In practice, when a specific property is not available for the type of data/score a KP wants to provide, they do one of three things:

  1. Create an unofficial local term for their specific data type to use as their Attribute key
    attribute_type_id: median_ic50_mut     # not from the Biolink model
    value:  2.5363
  2. Use a more general Biolink edge property they think is the best fit (e.g. has evidence, 'has numeric value), and indicate the more specific type of value the attribute holds using an ontology term in the Attribute.value_type_id field. (which violates the intended use of this field to hold a more foundational data type, e.g. curie, url, float, etc. - see https://github.com/NCATSTranslator/ReasonerAPI/issues/454)
attribute_type_id: biolink:has evidence
value:  0.0443
value_type_id: OBI_0001191  # IC50

attribute_type_id: biolink:has numeric value
value:  0.6352
value_type_id: STATO_0000085   # effect size
  1. Request a new term be added to Biolink and use this in the data (only a few KPs have done this so far, which is why there are only a handful of specific supporting data edge properties in Biolink).
attribute_type_id: biolink:ln_ratio
value:  0.0443
value_type_id: float  
mbrush commented 2 years ago

To address these issues, we decided to create separate edge properties for each distinct type of supporting data item or score produced/provided by KPs and ARAs, and name them simple so as not to constrain whether they served as evidence, a quantifying score, or something else . . . . just that they somehow support the knowledge expressed in an Edge. e.g.

has supporting data
     p-value 
     effect size 
     ic50     
     z-score 
     relative odds ratio

We have started to collect a set of data type we need to support in the spreadsheet here - and have code in place to automatically generate Biolink edge properties from this content.

Request: KPs and ARAs populate this spreadsheet with your required supporting data/score types, and clear definitions, so we can provide you with a standard Biolink property to use in your data.

mbrush commented 2 years ago

The other piece of the puzzle is to provide end users with documentation about meaning/generation/utility of these data types - which we could provide in a structured way in the message, or link out to using the Attribute.value_url field. In any case, this will require modeling, content and infrastructure support.

Ultimately, we need the user to understand how a data value hanging form an Edge relates to the knowledge expressed in the Edge. And consider if we want to explore a different paradigm than the 'one edge property per data type' approach put forth initially.

mbrush commented 1 year ago

The Translator / TRAPI landscape was very different nearly a year ago when we decided to create separate edge properties for each data type (see #7)).

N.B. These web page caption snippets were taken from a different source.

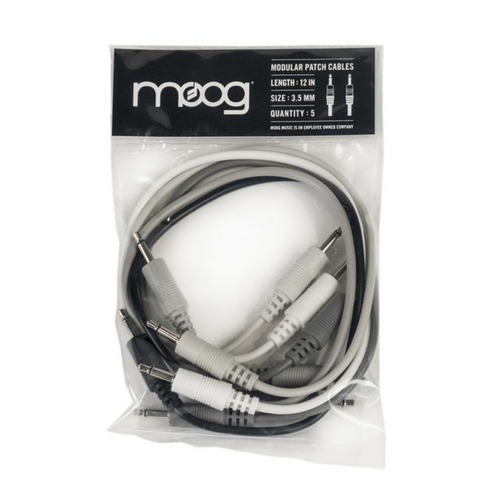 Moog 12" Patch Cables 5-Piece Set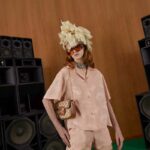 Gucci Women Horsebit 1955 GG Mini Bag Camel Ebony GG Canvas Crystals - Bild 11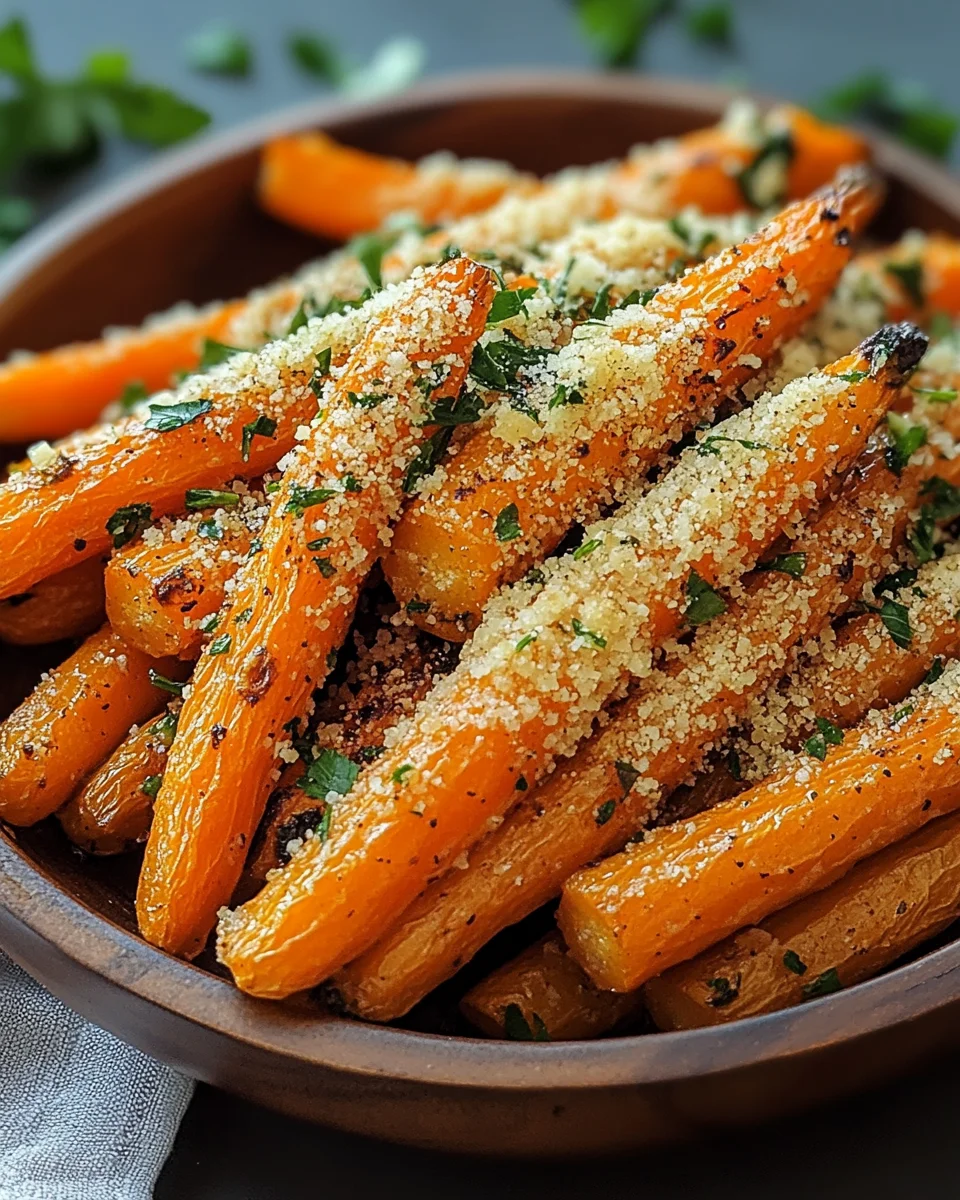 Knoblauch-Parmesan-Ofenkarotten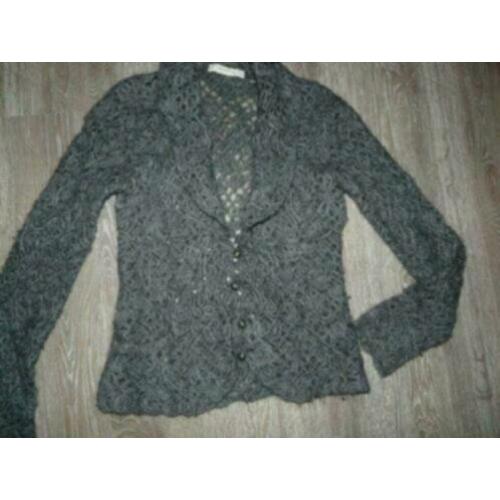 stijlvol opengewerkt wollen vest jasje Sem Per Lei S 36 38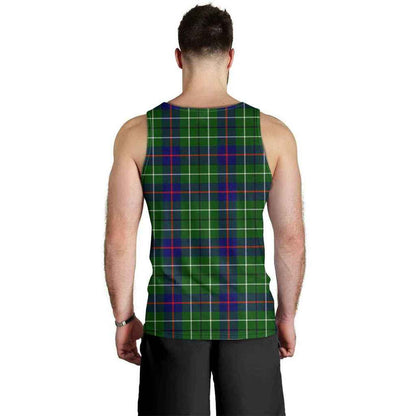 Duncan Modern Tartan Plaid Men Tank Top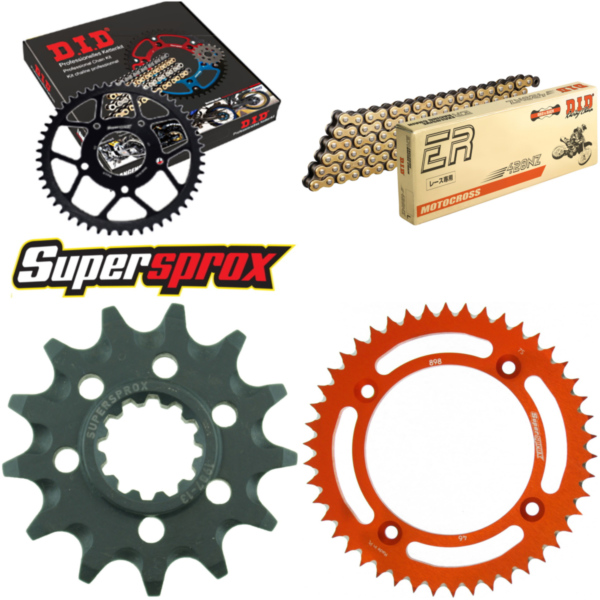 Kettensatz Alu orange für: KTM SX85 17``/14`` 18- 13-46-120 DID428NZ(G&B) Clip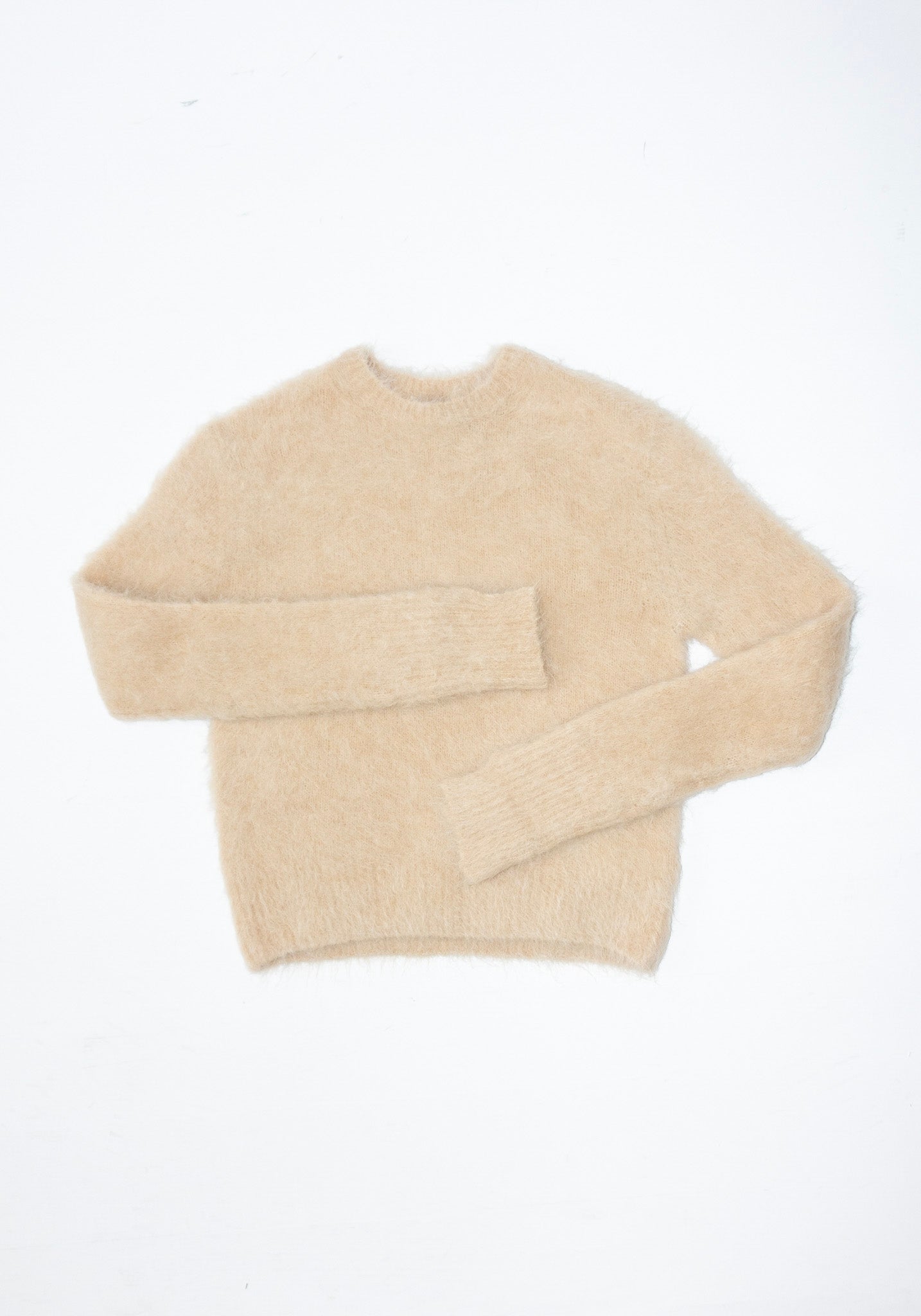 Sayaka Davis Cropped Sweater in Camel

At the time, there was concern about the massive proliferation of edge properties this could lead to in the Biolink Model - but in the absence of precedent for or clear advantages of alternatives, we pushed ahead with this approach.

Things have changed since then however, with the introduction of new modeling approaches and paradigms that may have relevance to the representation of supporting data. Specifically:

  1. We have the ability to arbitrarily nest attributes, and seen their use to capture additional information about a top level attribute, and/or logically organize supporting data items to enable clearer understanding of their provenance and significance (e.g. using Study Results)

  2. There is precedent for creating custom structures for specific types of 'Attributes' a. e.g. 'Qualifier' objects b. e.g. 'RetrievalSource' objects to support retrieval provenance (see TRAPI #386)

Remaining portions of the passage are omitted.